In-Formatio Rotating Header Image

Good Wine

“Everyone serves the good wine first, and then the inferior wine after the guests have become drunk. But you have kept the good wine until now.” Jesus did this, the first of his signs, in Cana of Galilee, and revealed his glory; and his disciples believed in him.  (John 2:10-11)

I has a strange upbringing.  My Dad was in the military and we lived all over the world though always called South Alabama/Florida panhandle as home.  When he retired I was just starting high school and we ended up in a small town in Alabama.

I can remember when I was real young, my father would come home from work and then head off to his second job as a bartender.  When we lived in Germany, we lived as the Germans and there was usually wine or beer at evening meals.  We visited many a winery as a family over the years and never had difficulty with alcohol in the home. Then the move to a dry county in the middle of the Bible belt where iced tea was the beverage of choice.

For me it was real disconnect.  I had been raised in a home where tolerance of alcohol and moderation were taught and modeled, only to find myself smack in the middle of a culture where intolerance was the norm.  

The church was disconnected too.  At communion, we spoke of the bread and wine of the Last Supper, but always used grape juice.  I once attended a study at a local Baptist church where the pastor explained with great detail that all mention of wine in the New Testament was actually a reference to grape juice.  

Being a precocious youth, I asked the pastor to explain John 2 and why Jesus would turn water into “grape juice.”  I was especially interested in that part where wedding guests were getting drunk on the good stuff at most weddings, was this wedding different?  I never got an answer that day because we conveniently ran out of time. Over the years, I have never really gotten what I would call a good answer to my question.

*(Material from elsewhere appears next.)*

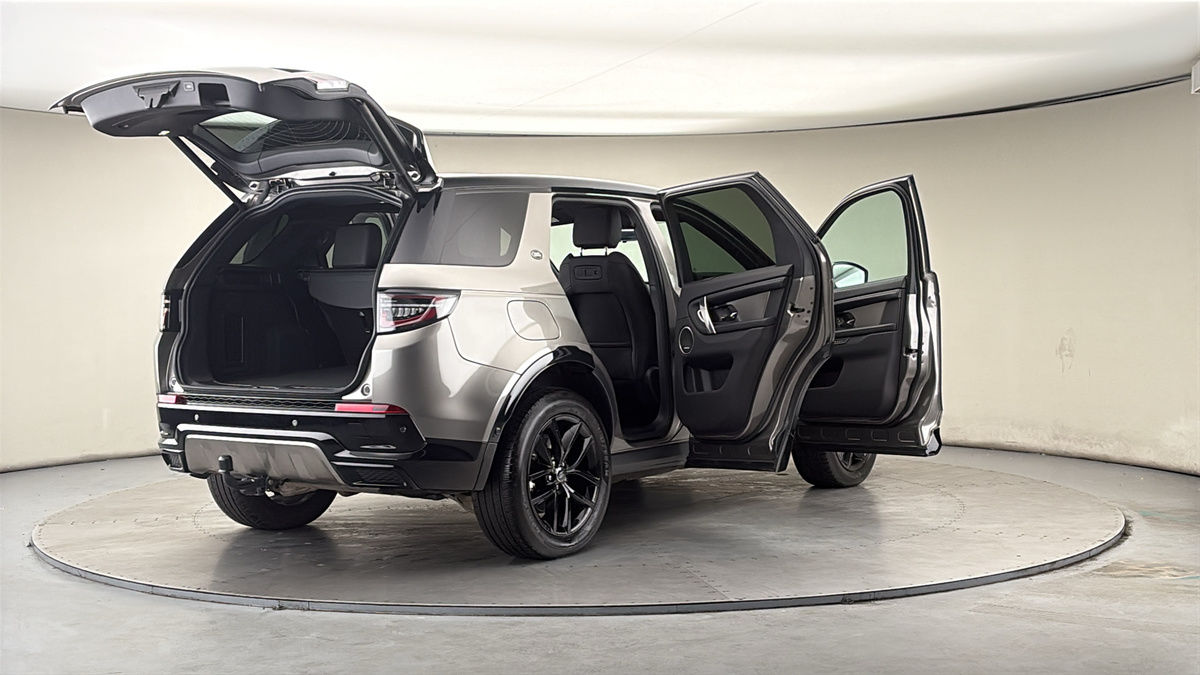 More views of Land Rover Discovery Sport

Skirt the facts all you want, the reference to wine in John 2 really about wine, and really about a wedding party.  The church might use grape juice at communion for many reasons, but it is not because Jesus turned the water into Welch’s.

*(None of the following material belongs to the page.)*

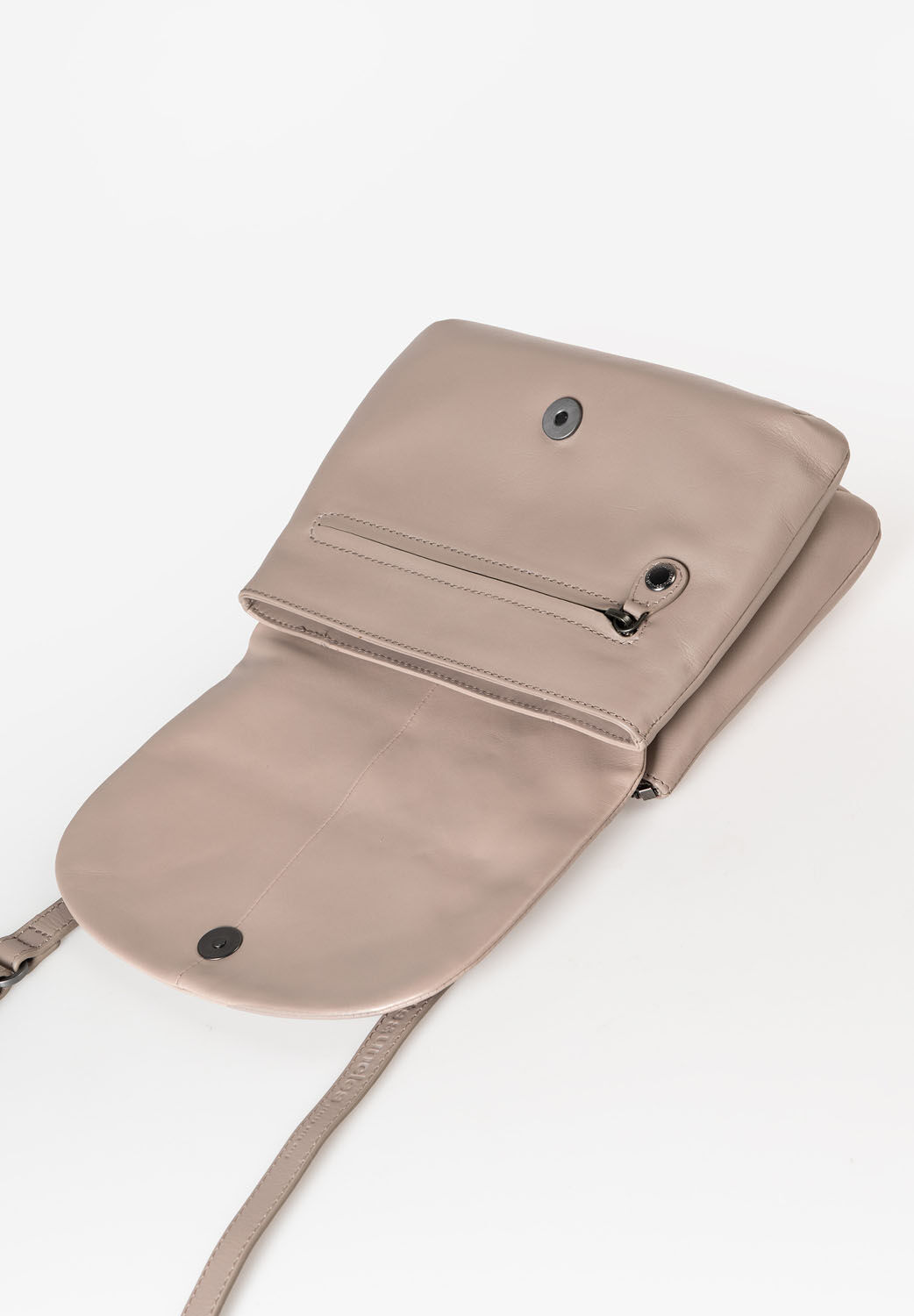 aunts & uncles Jamie's Orchard Pepino Umhängetasche cashmere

Here are a few of my insights on the Wedding at Cana:

Jesus was not an ascetic- Jesus lived fully in his culture, and was fully engaged in life.  There are certainly reasons for abstinence and self-denial, and there are appropriate times for it; Jesus, on the whole,  gives us an example of being fully engaged in the community.

Kingdom life is supposed to be a feast/party- The first miracle at a wedding was just a precursor of all that was to follow.  Jesus spent much of his ministry with feasts and meals.  The model Jesus gave us for being followers was a meal.  He called us to remember him in the bread and the wine.  As we say most Sundays at my church, “Therefore let us keep the feast.”

Jesus is about “good wine“- Wine as a symbol is significant.  It is about transformation and growth.  Wine is about taking ordinary elements and making them something else, something spectacular, something you would bring to a party.

If we let Jesus have his way with us, he will turn us into something extraordinary as well. He fully intends to share with us a heavenly banquet.

One Comment

  1. lsyates says:

    Michael,
    I enjoyed your thoughts on Good Wine. I especially enjoyed the last paragraph about transformation and growth. And you are so right if we “let” Jesus have his way with us, why, there’s “just no telling” (to borrow a good ol’ Southern phrase) what we’ll find ourselves doing for the Kingdom.